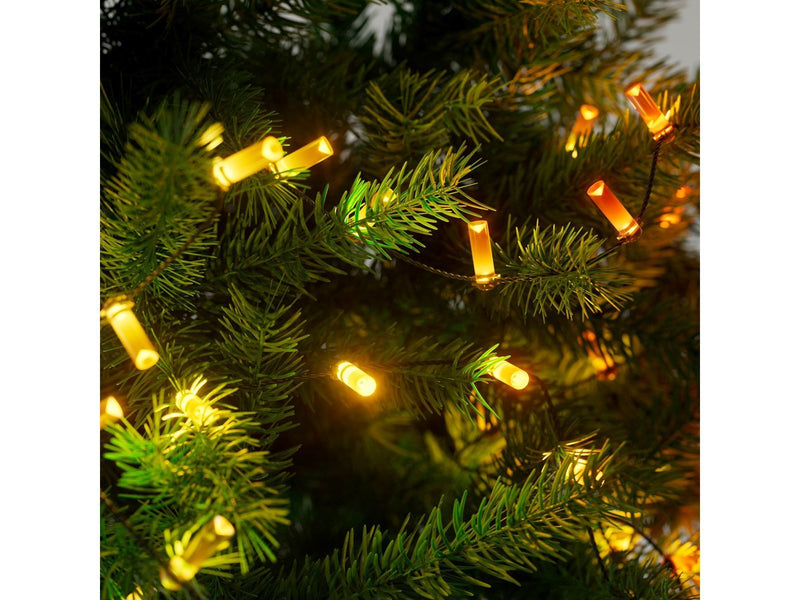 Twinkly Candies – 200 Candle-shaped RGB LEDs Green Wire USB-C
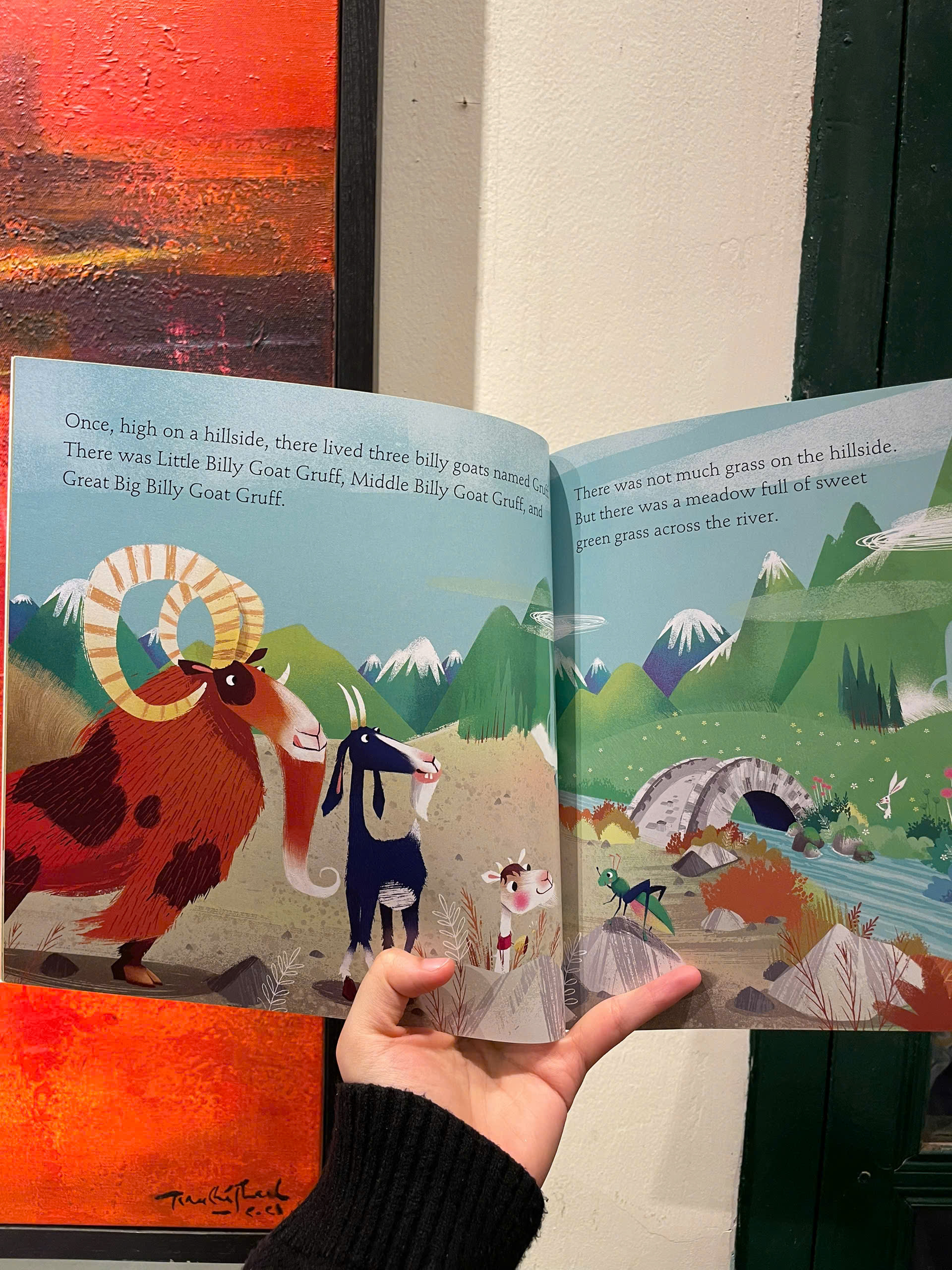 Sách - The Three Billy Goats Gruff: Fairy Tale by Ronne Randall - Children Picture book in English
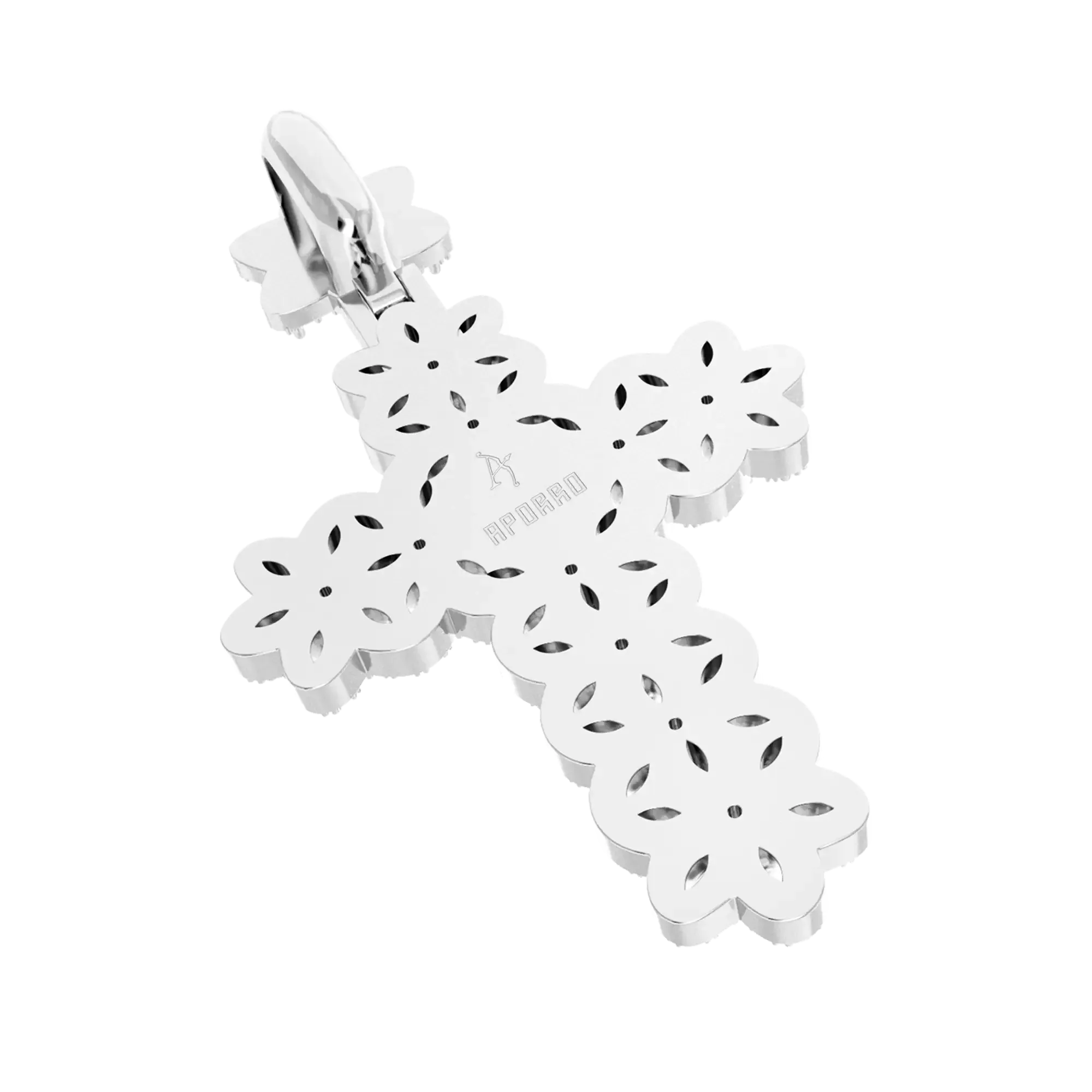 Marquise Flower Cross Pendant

**Exercise instructions**. Within the listing above, find the line containing "Sách - The Three", then print it and every line after it exactly, leaving out pictures.

**Response area**.
 Sách - The Three Billy Goats Gruff: Fairy Tale by Ronne Randall - Children Picture book in English
 Marquise Flower Cross Pendant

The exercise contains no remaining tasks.